La situazione ora è infuocata, dopo che è stata vietata la comunione al presidente cattolico Joe Biden in quanto filoabortista, tanto che adesso sembra interessato a venire a Roma più per incontrare Draghi che il Papa. Lontani i tempi del secondo Dopoguerra, quando il cardinale Francis Spellman e altre porpore Usa intervennero in favore dell’Italia presso la presidenza americana perché aiutare Roma significava aiutare San Pietro.

 Una relazione tra Washington e Santa Sede assai complessa. E c’è chi ricorda una vecchia citazione di William P. Clark, consigliere di Ronald Reagan, sulla collaborazione d’intelligence tra la Cia e il Vaticano, considerando che la Santa Sede non ha, almeno ufficialmente, un servizio segreto. Apre certamente uno squarcio inedito perché evidentemente i nunzi apostolici, all’evenienza, possono essere di grande aiuto, soprattutto per la mole di informazioni che provengono dalle parrocchie e dalle missioni sparse nel mondo. ‘Nunzi’, figure fondamentali nello scacchiere del potere: dal Congresso di Vienna in poi, in molti Paesi il nunzio apostolico è il decano del corpo diplomatico, circa 187 Paesi hanno relazioni bilaterali con la Santa Sede che è un ente morale, a differenza della Città del Vaticano che non ha rapporti diplomatici e non invia né riceve ambasciatori.

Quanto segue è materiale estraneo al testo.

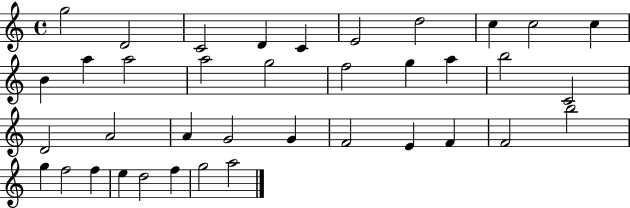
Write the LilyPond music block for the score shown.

{
  \clef treble
  \time 4/4
  \defaultTimeSignature
  \key c \major
  g''2 d'2 | c'2 d'4 c'4 | e'2 d''2 | c''4 c''2 c''4 | \break b'4 a''4 a''2 | a''2 g''2 | f''2 g''4 a''4 | b''2 c'2 | \break d'2 a'2 | a'4 g'2 g'4 | f'2 e'4 f'4 | f'2 b''2 | \break g''4 f''2 f''4 | e''4 d''2 f''4 | g''2 a''2 | \bar "|."
}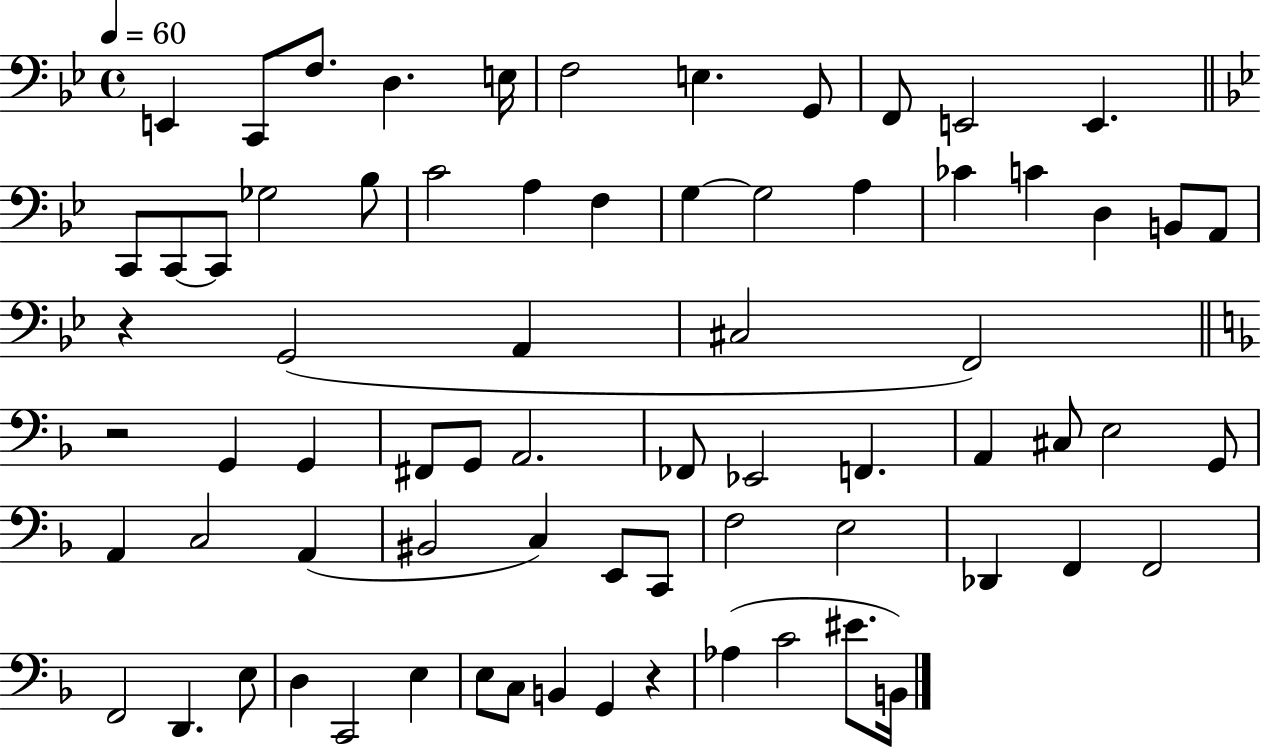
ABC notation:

X:1
T:Untitled
M:4/4
L:1/4
K:Bb
E,, C,,/2 F,/2 D, E,/4 F,2 E, G,,/2 F,,/2 E,,2 E,, C,,/2 C,,/2 C,,/2 _G,2 _B,/2 C2 A, F, G, G,2 A, _C C D, B,,/2 A,,/2 z G,,2 A,, ^C,2 F,,2 z2 G,, G,, ^F,,/2 G,,/2 A,,2 _F,,/2 _E,,2 F,, A,, ^C,/2 E,2 G,,/2 A,, C,2 A,, ^B,,2 C, E,,/2 C,,/2 F,2 E,2 _D,, F,, F,,2 F,,2 D,, E,/2 D, C,,2 E, E,/2 C,/2 B,, G,, z _A, C2 ^E/2 B,,/4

Papa dal 2013, Jorge Mario Bergoglio ha effettuato molti viaggi apostolici in giro per il mondo: è stato 7 volte in Paesi asiatici, 6 volte in Medio Oriente, 5 in Africa, 8 nelle Americhe, 14 in Europa. Ma certamente resta nei cuori la recente grande missione di Francesco in Iraq, senza dubbio la più dolorosa e dolente: mai nessun Papa si è aggirato e ha celebrato messe tra le macerie come lui, neppure Pio XII, durante la seconda guerra mondiale. Il gesto di testimonianza politica conta più di una professione di fede. E nell’agenda personale dei prossimi mesi forse anche, a sorpresa, in Libano e in Corea del Nord. Ma è davvero questo che vuole il gregge dei fedeli dal suo Pastore? Le vie del Signore sono infinite e misteriose.